“The book you are about to read,” writes Natan Sharansky in his foreword, “draws on the strategies of the movement I was privileged to be part of.”
By Shula Rosen
Author and researcher Izabella Tabarovsky has published Be a Refusenik: A Jewish Student’s Survival Guide, a book that draws on the history of Soviet Jewish dissidents to offer guidance to American Jewish college students confronting rising antisemitism and hostility toward their identity on campus.
The book connects contemporary campus activism with the Soviet refusenik movement, a group of Jews who were denied exit permits from the Soviet Union, primarily from the 1970s through 1987, and who resisted pressure to abandon their Jewish identity and heritage.

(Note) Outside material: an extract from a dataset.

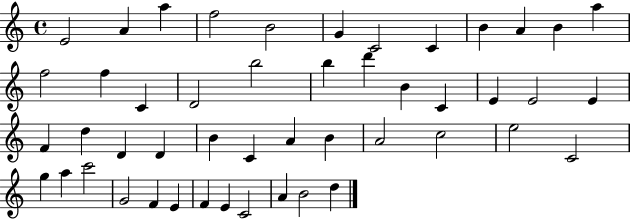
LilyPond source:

“The book you are about to read,” writes Natan Sharansky in his foreword, “draws on the strategies of the movement I was privileged to be part of – the refusenik movement – to offer young American Jews a path forward as they face an unprecedented surge of antisemitism and assaults on their identity.”
Tabarovsky, who was 19 when her family emigrated from the USSR to the USA in 1989, compares present-day Jewish student activism with earlier efforts by Soviet Jewish dissidents and others who challenged official ideology and censorship.

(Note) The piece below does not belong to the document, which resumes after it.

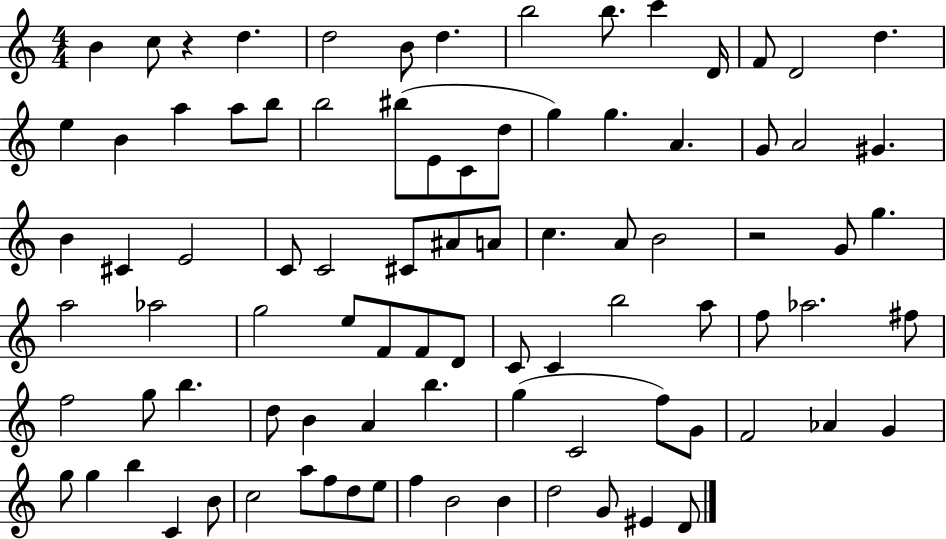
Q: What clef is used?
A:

“The hostility you face from those who call themselves anti-Zionists may feel unprecedented, so much so that some even call it ‘new antisemitism.’ But in fact, there is nothing new about it, and you are not the first generation of Jews to face it,” Tabarovsky writes.

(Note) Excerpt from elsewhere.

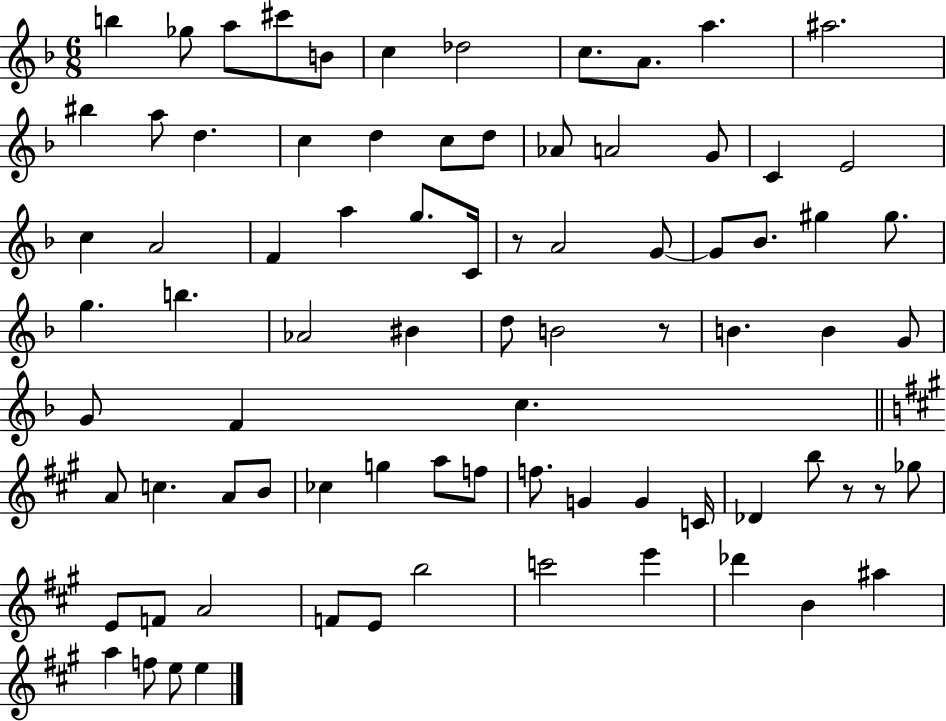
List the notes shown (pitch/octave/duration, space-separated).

B5/q Gb5/e A5/e C#6/e B4/e C5/q Db5/h C5/e. A4/e. A5/q. A#5/h. BIS5/q A5/e D5/q. C5/q D5/q C5/e D5/e Ab4/e A4/h G4/e C4/q E4/h C5/q A4/h F4/q A5/q G5/e. C4/s R/e A4/h G4/e G4/e Bb4/e. G#5/q G#5/e. G5/q. B5/q. Ab4/h BIS4/q D5/e B4/h R/e B4/q. B4/q G4/e G4/e F4/q C5/q. A4/e C5/q. A4/e B4/e CES5/q G5/q A5/e F5/e F5/e. G4/q G4/q C4/s Db4/q B5/e R/e R/e Gb5/e E4/e F4/e A4/h F4/e E4/e B5/h C6/h E6/q Db6/q B4/q A#5/q A5/q F5/e E5/e E5/q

The book’s central chapters examine pairs of figures from the Soviet refusenik movement and contemporary Jewish activists. One chapter highlights Kyiv refusenik Boris Kochubiyevsky alongside Elisha (Lishi) Baker, co-author of the student letter “In Our Name” at Columbia University.
Another chapter links the efforts of Georgian Jewish activists who appealed to the United Nations and the Israeli government with the work of Hebrew teacher and refusenik Yosef Begun and George Washington University alumnus Noah Shufutinsky.
Other chapters examine figures including Alexander Smukler, who helped organize the refusenik underground press, alongside Eyal Yakoby, who sued the University of Pennsylvania, as well as Sharansky and Harvard Divinity School graduate Shabbos Kestenbaum.
“What unites these stories – separated by decades, borders, and ideologies – is not only the risks their protagonists took, but also what they refused: silence, passivity, compliance, and fear of stepping beyond prescribed lines of behavior,” Tabarovsky writes.
The 256-page book, published by Wicked Son/Post Hill Books and priced at $19.99, also includes appendices with chronologies and documents related to what Tabarovsky describes as “the Soviet regime’s century-long assault on Jewish identity.”
Tabarovsky is a Harvard graduate and a senior fellow at the Z3 Institute for Jewish Priorities.
She is also affiliated with the Woodrow Wilson International Center for Scholars, the Comper Center for the Study of Antisemitism and Racism at the University of Haifa, and the London Centre for the Study of Contemporary Antisemitism.